**Excerpted records**
##############################
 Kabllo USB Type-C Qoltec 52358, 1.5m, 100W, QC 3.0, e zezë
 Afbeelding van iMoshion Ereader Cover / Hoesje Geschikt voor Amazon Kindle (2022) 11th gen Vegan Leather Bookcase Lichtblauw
##############################
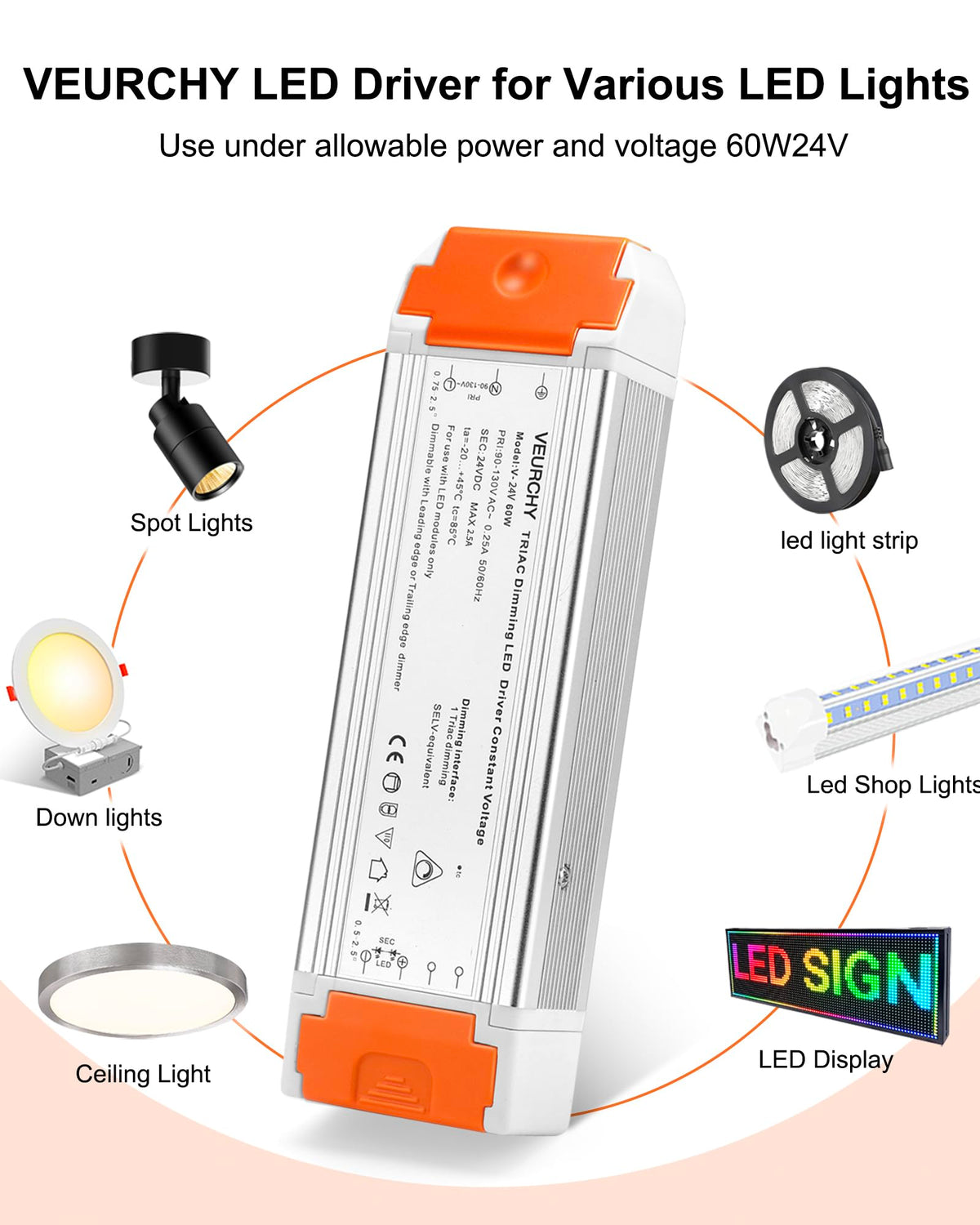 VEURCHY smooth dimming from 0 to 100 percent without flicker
##############################
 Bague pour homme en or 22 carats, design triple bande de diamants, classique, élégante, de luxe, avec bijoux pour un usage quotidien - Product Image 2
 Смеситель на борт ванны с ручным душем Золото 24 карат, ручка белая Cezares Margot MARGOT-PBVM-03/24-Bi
##############################
Your task is to transcribe, with no changes, only the lines of the listing above that lie between the line holding "Kabllo USB Type-C" and the line holding "Afbeelding van iMoshion", inclusive.

**Finished task**
 Kabllo USB Type-C Qoltec 52358, 1.5m, 100W, QC 3.0, e zezë
 Afbeelding van iMoshion Ereader Cover / Hoesje Geschikt voor Amazon Kindle (2022) 11th gen Vegan Leather Bookcase Lichtblauw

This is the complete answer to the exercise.